Exercise brief: Write out exactly the lines of the entries below from the one holding "IKEA BJÖRKÅSEN Laptop stand, yellow-green" to the one holding "Combo 2 Quyển", inclusive, and leave out all other lines.

Study material:

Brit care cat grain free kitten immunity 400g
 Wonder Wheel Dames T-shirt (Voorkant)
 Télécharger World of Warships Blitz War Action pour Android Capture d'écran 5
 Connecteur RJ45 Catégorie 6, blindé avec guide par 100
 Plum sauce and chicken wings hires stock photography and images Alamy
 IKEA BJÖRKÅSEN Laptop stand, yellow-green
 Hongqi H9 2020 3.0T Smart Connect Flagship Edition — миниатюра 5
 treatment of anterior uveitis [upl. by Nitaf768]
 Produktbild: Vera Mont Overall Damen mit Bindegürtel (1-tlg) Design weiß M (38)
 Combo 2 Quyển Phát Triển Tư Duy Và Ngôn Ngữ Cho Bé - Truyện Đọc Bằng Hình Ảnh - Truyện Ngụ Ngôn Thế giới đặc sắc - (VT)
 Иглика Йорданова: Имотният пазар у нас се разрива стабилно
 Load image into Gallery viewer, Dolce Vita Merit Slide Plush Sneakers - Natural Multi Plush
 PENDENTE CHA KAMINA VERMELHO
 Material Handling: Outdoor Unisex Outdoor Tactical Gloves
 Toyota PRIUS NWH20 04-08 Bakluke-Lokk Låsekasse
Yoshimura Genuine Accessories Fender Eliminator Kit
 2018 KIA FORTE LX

Exercise output:
 IKEA BJÖRKÅSEN Laptop stand, yellow-green
 Hongqi H9 2020 3.0T Smart Connect Flagship Edition — миниатюра 5
 treatment of anterior uveitis [upl. by Nitaf768]
 Produktbild: Vera Mont Overall Damen mit Bindegürtel (1-tlg) Design weiß M (38)
 Combo 2 Quyển Phát Triển Tư Duy Và Ngôn Ngữ Cho Bé - Truyện Đọc Bằng Hình Ảnh - Truyện Ngụ Ngôn Thế giới đặc sắc - (VT)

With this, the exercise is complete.